Now we switch to the infantry battle, where I had previously seemed to be in complete control. Earlier, I had advanced several American squads into the hex with the Panther as part of my combined arms attack which was designed to ensure that I would get the Panther. I forgot about the Sn, which I now call the "Fritz." I have only faced this defensive tank weapon probably on 2 other occasions, and I should have remembered it since it was devastatingly effective both times. I got "fritzed." The weapon broke my entire stack, and Hondo effectively closed in with nearby German infantry to finish the job.

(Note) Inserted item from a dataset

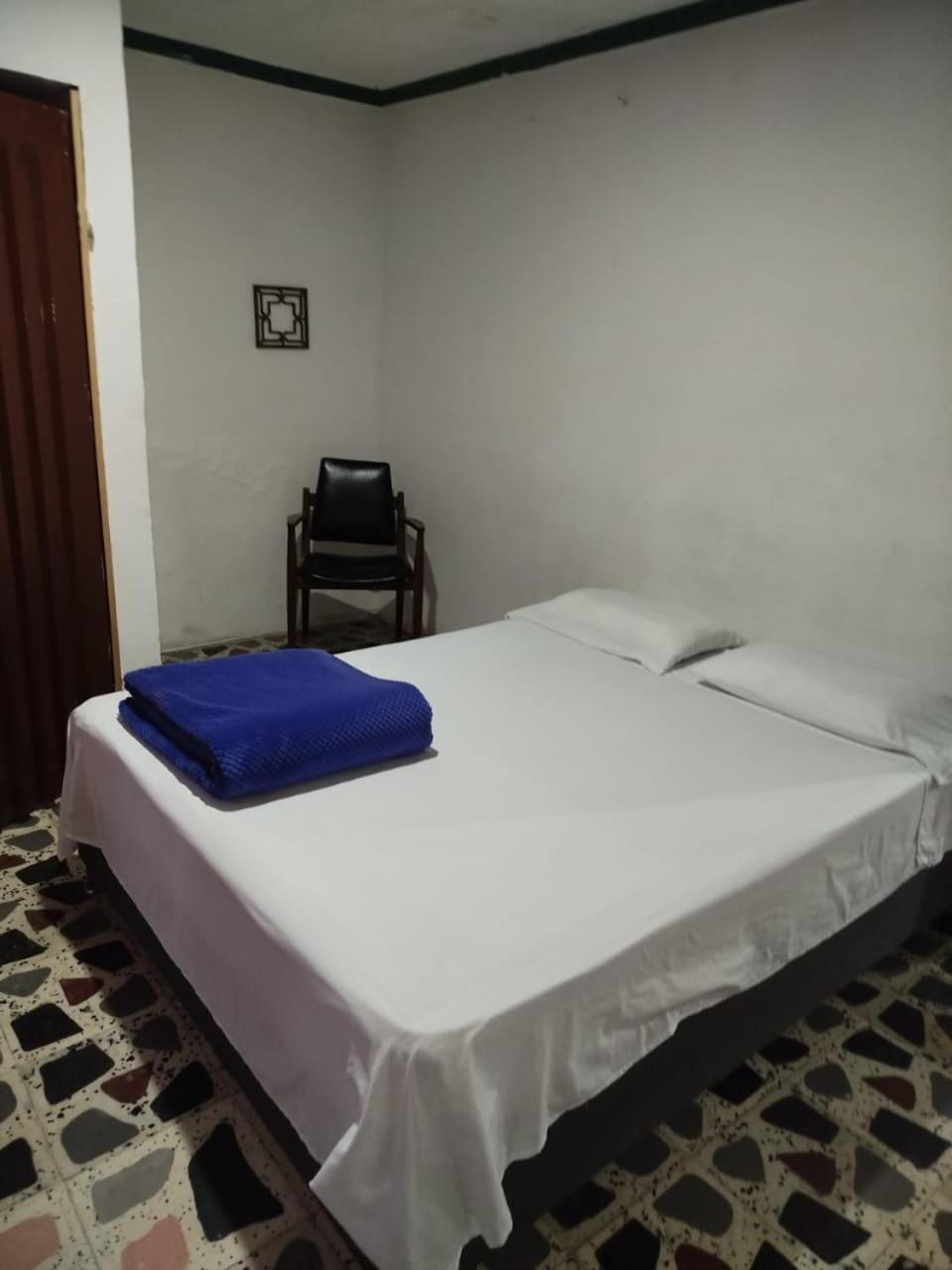 Hostal La 18 Pereira Exterior photo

I was in trouble now. I had complete control of the victory buildings, but my losses of tanks had now put me in a position to where Hondo could win by CVP's. Hondo had secured 21 CVP's in that one turn with just the 3 tanks kills, alone! I immediately began to retreat towards my defensive lines to try and stem further losses. This scenario would now clearly come down to CVP's. Hondo became the hunter, and I became the hunted. The Panther ruled the battlefield, and I was in full retreat with no answer for that tank. The "only" friend I had at this point was time. I had a remaining strong stack of troops which had stayed with one of my leaders in the course of falling back. I made an unintentional error of leaving them stacked (I forgot to spread out during the Advance Phase) and Hondo moved his Panther into my hex to freeze me, while his weakened but still viable German troops closed in for support. I managed to "immobilize" the Panther and knock it out in close combat (finally), and barely held on in close combat against the German infantry as the game ended. We were still engaged in CC when the game ended.

I had just managed to squeak out a "win" by only 3 CVPs. That was an amazing turnaround for a game that prior to turn 5; I had seemed to be in control.

This scenario was a lot of fun, and I would recommend it to those who are looking for something interesting to play. It is found in the newest "Dispatches from the Bunker" (No. 29, I believe). It is Scenario # DBO76. It was a good match-up for Hondo and I; who have styles of play that are somewhat similar with regards to aggressive play. Hondo played a very good game, especially at the end when it mattered most. He was aggressive when he needed to be, and just "barely" came up short. The Panther tank was amazing in this scenario. I delayed engagement with it as long as possible, and when I did finally engage with it, I did so with numerical superiority that included a 3-1 advantage in tanks, with engineers and a hero with a bazooka in support. The Panther tank fought back with defiance and determination, and it was amazing for both of us to watch. The Panther fought heroically, and its story would seem to be consistent with some of the great individual heroic actions of WWII that we have all read about. It was a pleasure to watch, even though I was on the wrong end of that "beatin' stick."

I would like to thank Hondo for the excellent game, and I look forward to playing him again, soon. I hope you enjoyed reading this, just as I enjoyed reliving it via this review. This game is one that I will not soon forget.

On a final note, I am eligible to "retire" from SAPD in 4 days. I will not be leaving immediately, though I do expect to "wrap up" my career in the next couple of years, which I'll work in order to supplement my annual pension payout during retirement. I mention this, because I look forward to playing a lot more ASL in retirement. I am planning upon doing a lot of traveling in retirement, which will include traveling to play ASL across the country, and across the world. I am very excited about that, and I feel very fortunate to be able to participate in a hobby (ASL) that I enjoy so thoroughly. I thank "all of you" for being a part of that.